**Given records**.
══════════════════════════════
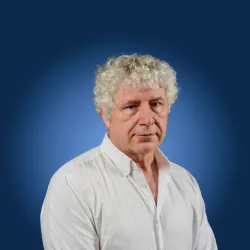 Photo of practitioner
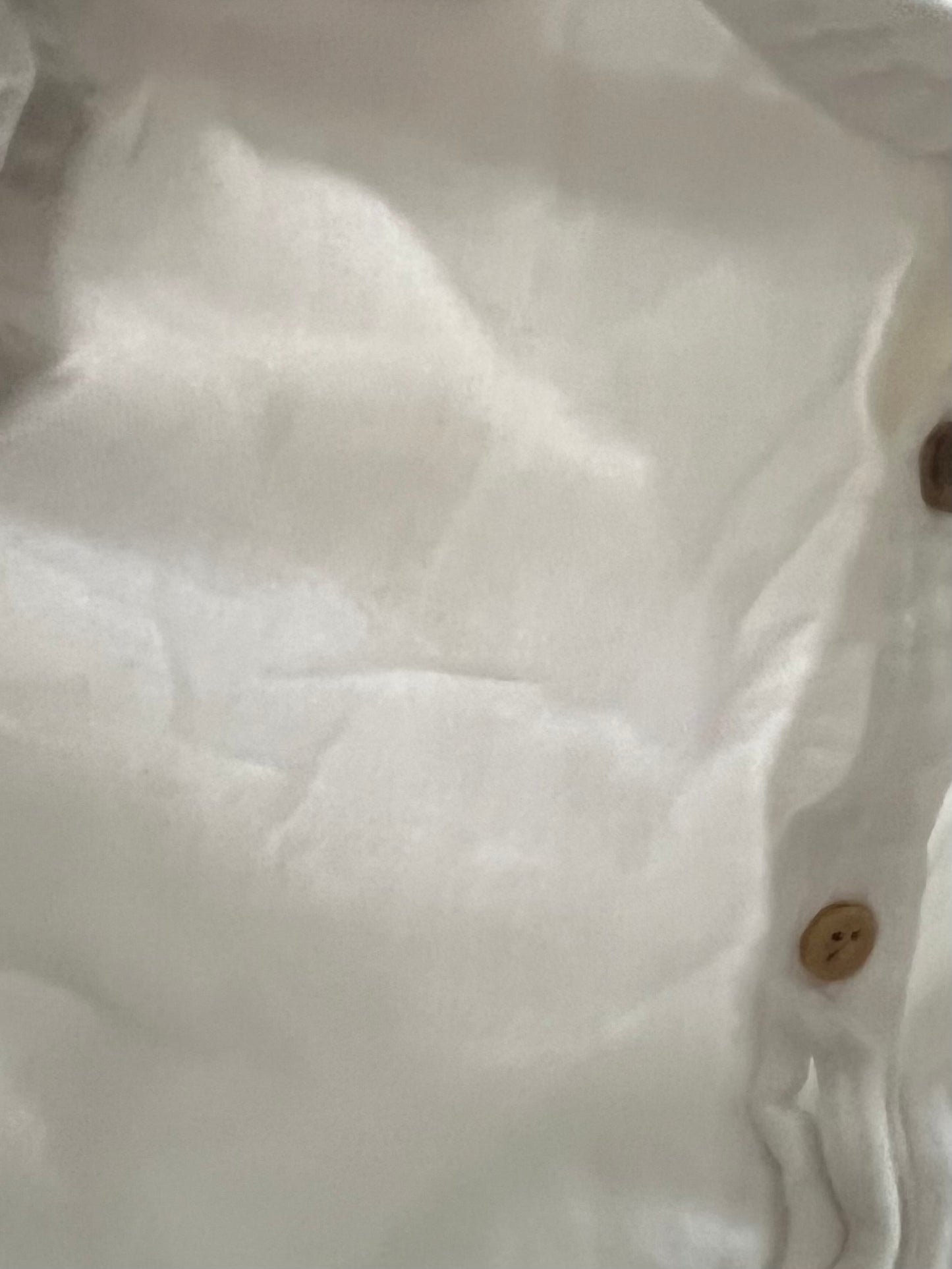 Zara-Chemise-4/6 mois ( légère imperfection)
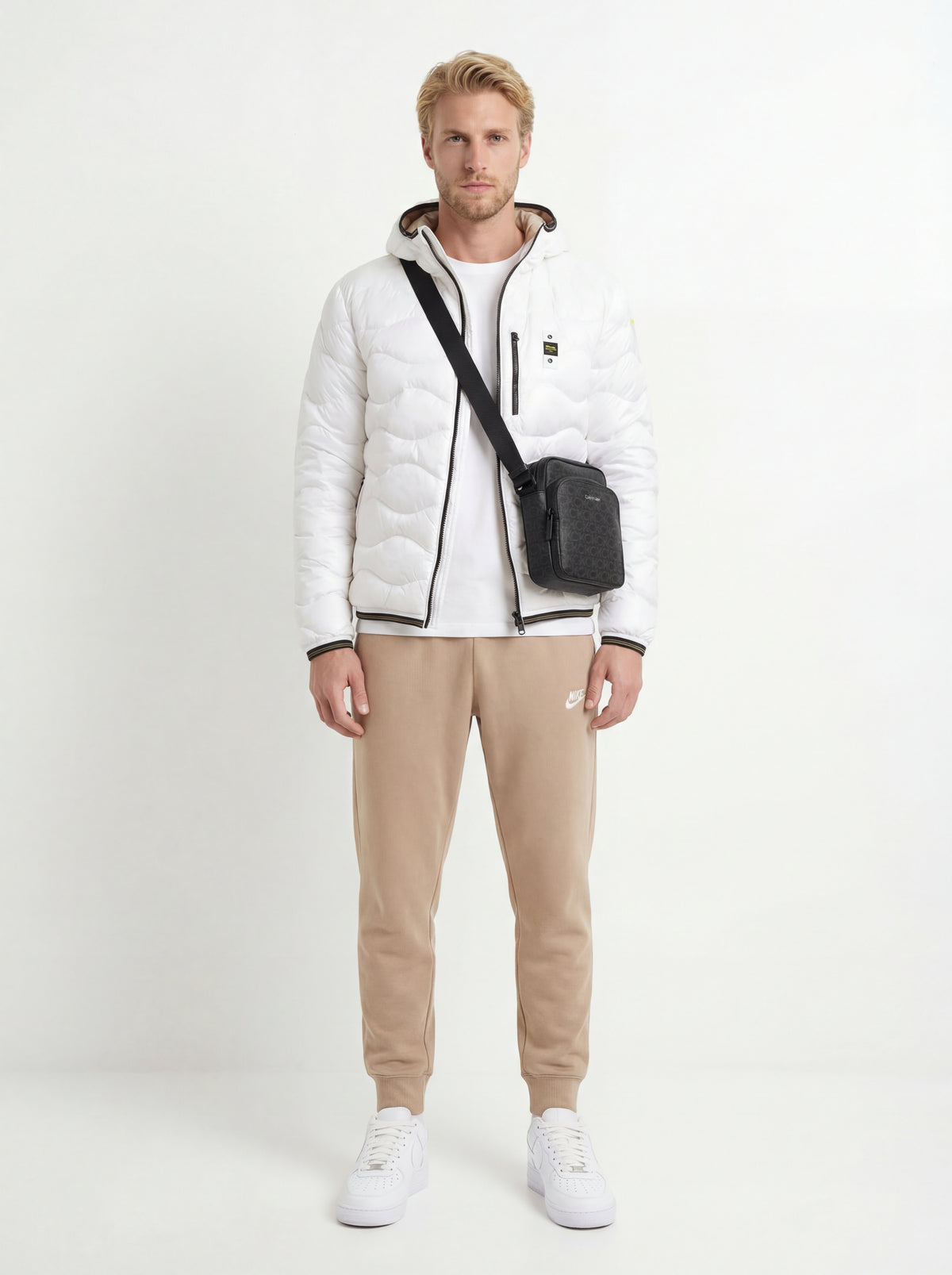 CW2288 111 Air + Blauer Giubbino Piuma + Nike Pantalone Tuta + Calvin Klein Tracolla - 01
══════════════════════════════
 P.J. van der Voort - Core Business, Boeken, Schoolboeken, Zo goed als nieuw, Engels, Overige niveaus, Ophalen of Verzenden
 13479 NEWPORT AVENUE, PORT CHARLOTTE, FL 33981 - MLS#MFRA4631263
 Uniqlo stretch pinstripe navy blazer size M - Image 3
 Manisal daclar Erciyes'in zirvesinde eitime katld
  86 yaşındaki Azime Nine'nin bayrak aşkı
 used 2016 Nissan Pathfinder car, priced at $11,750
══════════════════════════════
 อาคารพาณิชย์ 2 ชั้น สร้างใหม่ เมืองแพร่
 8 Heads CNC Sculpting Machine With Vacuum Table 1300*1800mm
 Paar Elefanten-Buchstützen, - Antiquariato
══════════════════════════════
**What is being asked**.
Repeat, exactly as they stand above, the lines from the line with "86 yaşındaki Azime Nine'nin bayrak aşkı" to the line with "used 2016 Nissan", both lines included.

**The completed task**.
  86 yaşındaki Azime Nine'nin bayrak aşkı
 used 2016 Nissan Pathfinder car, priced at $11,750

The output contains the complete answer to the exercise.